The £2m alleged criminal fortune of two gangster brothers was profit from legitimate businesses, lawyers for the men argued.
Ex-army corporal Peter Clarke, 37, and his security boss brother Stephen, 48, headed up a dangerous drugs gang with access to firearms, machetes and samurai swords.
The pair were jailed for a combined 26 and-a-half-years in November 2013, along with the rest of the henchmen, over a plot to ship cocaine and cannabis from Merseyside to Northern Ireland.
Now the brothers are locked in a battle with prosecutors who say their alleged £2m fortune was amassed through drugs trafficking and is squirrelled away in murky web of hidden assets.
But Nigel Power, QC, defending, told Preston Crown Court today that scaffolding and security businesses linked to Stephen Clarke turned in a legitimate profit.
He said his companies did business with firms including McDonald’s, Holiday Inn, Odeon Cinemas, PC World, Redrow Homes and even Warrington Borough Council.
Mr Power, referring to one scaffolding company, CNL, said: “One can see legitimately transferred payments going in, and cash being withdrawn.
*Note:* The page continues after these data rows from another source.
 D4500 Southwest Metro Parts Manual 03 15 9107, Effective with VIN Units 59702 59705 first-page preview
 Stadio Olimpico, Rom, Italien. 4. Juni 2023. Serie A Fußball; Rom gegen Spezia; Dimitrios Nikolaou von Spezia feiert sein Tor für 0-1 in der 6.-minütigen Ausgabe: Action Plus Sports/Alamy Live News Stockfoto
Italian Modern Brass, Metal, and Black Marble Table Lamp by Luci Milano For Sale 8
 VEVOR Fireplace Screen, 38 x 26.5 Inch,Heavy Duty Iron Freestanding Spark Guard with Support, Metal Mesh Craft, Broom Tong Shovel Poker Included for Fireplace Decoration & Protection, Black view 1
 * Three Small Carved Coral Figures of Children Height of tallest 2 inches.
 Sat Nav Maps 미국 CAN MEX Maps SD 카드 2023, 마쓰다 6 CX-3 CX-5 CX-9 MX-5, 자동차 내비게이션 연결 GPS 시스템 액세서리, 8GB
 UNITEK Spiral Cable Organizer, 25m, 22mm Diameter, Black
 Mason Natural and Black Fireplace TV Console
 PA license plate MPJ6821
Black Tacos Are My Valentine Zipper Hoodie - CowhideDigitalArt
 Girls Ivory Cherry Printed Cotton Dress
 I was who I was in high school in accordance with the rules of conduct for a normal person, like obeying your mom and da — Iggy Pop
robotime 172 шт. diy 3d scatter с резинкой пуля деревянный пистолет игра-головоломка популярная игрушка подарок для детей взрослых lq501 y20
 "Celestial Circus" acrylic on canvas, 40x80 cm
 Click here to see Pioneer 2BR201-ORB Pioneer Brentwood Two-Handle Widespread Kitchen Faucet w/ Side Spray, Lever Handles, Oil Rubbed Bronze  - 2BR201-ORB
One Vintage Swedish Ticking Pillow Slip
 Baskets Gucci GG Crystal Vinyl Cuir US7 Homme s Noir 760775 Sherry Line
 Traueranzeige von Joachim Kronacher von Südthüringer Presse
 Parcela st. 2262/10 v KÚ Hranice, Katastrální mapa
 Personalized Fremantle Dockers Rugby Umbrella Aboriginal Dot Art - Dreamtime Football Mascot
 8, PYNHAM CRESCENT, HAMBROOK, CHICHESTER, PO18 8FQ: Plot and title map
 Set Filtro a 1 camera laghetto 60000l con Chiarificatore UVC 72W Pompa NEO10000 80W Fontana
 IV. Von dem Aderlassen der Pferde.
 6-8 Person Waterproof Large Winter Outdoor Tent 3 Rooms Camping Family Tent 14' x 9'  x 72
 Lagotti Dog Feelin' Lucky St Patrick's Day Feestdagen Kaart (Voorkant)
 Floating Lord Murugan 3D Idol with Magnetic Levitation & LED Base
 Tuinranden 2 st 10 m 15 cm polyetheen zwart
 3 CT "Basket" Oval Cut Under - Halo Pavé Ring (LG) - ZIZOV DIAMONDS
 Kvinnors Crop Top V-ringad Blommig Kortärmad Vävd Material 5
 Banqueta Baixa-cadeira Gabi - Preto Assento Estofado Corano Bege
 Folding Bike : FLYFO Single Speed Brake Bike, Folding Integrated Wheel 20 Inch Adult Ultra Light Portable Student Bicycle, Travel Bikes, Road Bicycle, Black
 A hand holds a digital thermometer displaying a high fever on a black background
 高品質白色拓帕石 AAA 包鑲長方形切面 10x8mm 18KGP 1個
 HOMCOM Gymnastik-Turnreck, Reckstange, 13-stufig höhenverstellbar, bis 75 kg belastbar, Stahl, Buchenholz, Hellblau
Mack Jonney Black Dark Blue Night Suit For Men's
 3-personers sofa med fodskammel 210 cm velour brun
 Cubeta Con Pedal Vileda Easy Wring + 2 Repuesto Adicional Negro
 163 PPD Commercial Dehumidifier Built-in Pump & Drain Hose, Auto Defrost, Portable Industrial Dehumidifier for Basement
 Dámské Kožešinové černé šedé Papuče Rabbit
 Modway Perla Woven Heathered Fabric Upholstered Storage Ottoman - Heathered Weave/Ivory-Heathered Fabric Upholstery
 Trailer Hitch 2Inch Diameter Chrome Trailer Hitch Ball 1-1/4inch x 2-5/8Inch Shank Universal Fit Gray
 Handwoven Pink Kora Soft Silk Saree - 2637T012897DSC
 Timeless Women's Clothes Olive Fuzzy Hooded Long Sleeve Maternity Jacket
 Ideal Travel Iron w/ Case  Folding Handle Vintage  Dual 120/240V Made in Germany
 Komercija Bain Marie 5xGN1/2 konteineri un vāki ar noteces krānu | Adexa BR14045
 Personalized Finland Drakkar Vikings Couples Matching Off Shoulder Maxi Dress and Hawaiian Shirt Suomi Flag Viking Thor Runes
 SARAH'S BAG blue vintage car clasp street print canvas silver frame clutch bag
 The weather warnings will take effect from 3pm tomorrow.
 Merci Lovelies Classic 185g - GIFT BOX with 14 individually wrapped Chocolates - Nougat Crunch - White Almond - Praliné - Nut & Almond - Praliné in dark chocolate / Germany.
This is the opposite of money laundering.”
He clashed with prosecution counsel Nick Johnson, QC, over the practice of “interim dividends” being paid from the company bank accounts to shareholders in the businesses, which he alleged to be the flow of drug money back into the pockets of the defendants.
Mr Power accused the prosecution of being “completely ignorant” of the practice, which he claimed was not unusual or illegal.
However Mr Johnson pointed to the flow of money from a company linked to developer Peter McInnes, who was a joint 50% shareholder with Stephen Clarke in scaffolding company, Pro Scaff Access.
Mr McInnes made monthly payments of £4,000 to a joint account held by Clarke and his wife Rachel Clarke, which amounted to £178,000 between 2009 and 2012.
Mr Johnson said Mr McInnes was director of a development company called Peckers Hill alongside a man called Anthony Quigley, who recently pleaded guilty to conspiring to supply heroin.
Payments linked to Mr McInnes’ wife, Sheila McInnes, were also found to have been made to accounts linked to the Clarkes.
Mr McInnes and his wife have not been charged with any criminal offence.
Yesterday, Mr Johnson outlined a series of Stephen Clarke’s conversations – recorded on secret police listening devices – which he claimed exposed the family’s true “dirty” fortune.
One chat, recorded on July 9, 2012 between Stephen Clarke and his wife Rachel, took place as they were under observation at the Queens Drive home of Rachel Clarke’s mum Veronica Maxwell.
It referred to a person “sweating” as they were believed to have misplaced a sum of cash, to which Clarke replied: “I always know where my dough is”.
Another recording between Stephen Clarke and an “underling” of his scaffolding firm heard him boast of registering his home, in Banks, near Southport, in his wife’s name.
He said that was “just in case the f***ing bizzies take it off me”.
Another recorded chat, the court was told, featured Clarke recounting being owed £100,000 by a man called ‘Dave’, and “hoping to recover” £140,000 from ‘Belly’, who Mr Johnson said was a Manchester-based drug dealer.
The court heard bank accounts in the name of Stephen and Rachel Clarke currently hold more than £315,000 in cash.
The complex Proceeds of Crime Act hearing is due to last several weeks.